Geusau: An sich tut frische Luft der Haut gut, vor extremer Sonnenbestrahlung muss aber gewarnt werden. Sonnenbestrahlung kann nämlich die Bildung von Mitessern fördern. Viele Aknepatienten, die bestimmte Medikamente einnehmen, reagieren außerdem empfindlicher auf die Sonne.

Frage: Gibt es eine Ernährungsweise, die Sie bei Akne empfehlen?

Geusau: Es ist nicht erwiesen, dass eine bestimmte Ernährungsweise oder der Verzicht auf bestimmte Nahrungsmittel Akne beeinflusst. Man muss auch nicht auf Schokolade verzichten.

Der Patient sollte selbst herausfinden, was ihm nicht bekommt. Wenn er einen Zusammenhang zwischen bestimmten Nahrungsmitteln und der Verschlechterung des Hautbildes beobachtet, sollte er auf diese Nahrungsmittel verzichten. Insgesamt ist eine ausgewogene, ballaststoffreiche Kost für die Gesundheit am besten. Das gilt auch für Aknepatienten.

Frage: Soll man Mitesser selber ausdrücken?

Geusau: Nein, denn dadurch entstehen nicht nur hässliche Hautverfärbungen und Narben, man riskiert auch ernste Hautinfektionen.

Frage: Raten Sie allen Erwachsenen mit Akne, zur Dermatologin oder zum Dermatologen zu gehen?

Geusau: Wenn Akne oder ein akneähnliches Hautbild erst im späteren Lebensalter auftritt, sollte man das auf jeden Fall abklären.  

Frage: Welche Behandlung erwartet die Patientin oder den Patienten dann?

Geusau: Je nach Schweregrad der Akne werden unterschiedliche Medikamente eingesetzt. Die Grundlage der Behandlung bei leichten Formen ist meist eine Creme oder ein Gel mit Vitamin-A-Säure. Damit wird die Verhornungsstörung an den Haarfollikeln behoben und gleichzeitig die Entzündung bekämpft. In schweren Fällen kann dieses Präparat auch in Tablettenform eingenommen werden.

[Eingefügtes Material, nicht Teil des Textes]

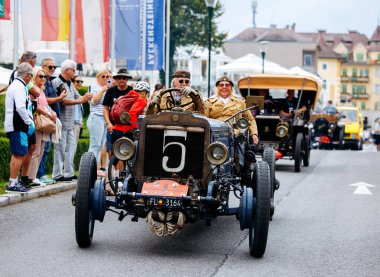 Velden, Avusturya - 30 Ağustos 2025: Klasik klasik arabalar, Eski Zaman Festivali sırasında sokak boyunca heyecanlı izleyicilerle canlı bir geçit töreninde sergileniyor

Neben der lokalen Therapie wird meistens auch ein Antibiotikum verschrieben. Bei Frauen kann die Einnahme spezieller Anti-Baby-Pillen-Präparate als Nebeneffekt das Hautbild verbessern.

 

Danke für das Interview.

Zur Person: Ao. Univ. Prof. Dr. Alexandra Geusau ist Fachärztin für Dermatologie an der Universitätsklinik für Dermatologie am Allgemeinen Krankenhaus Wien.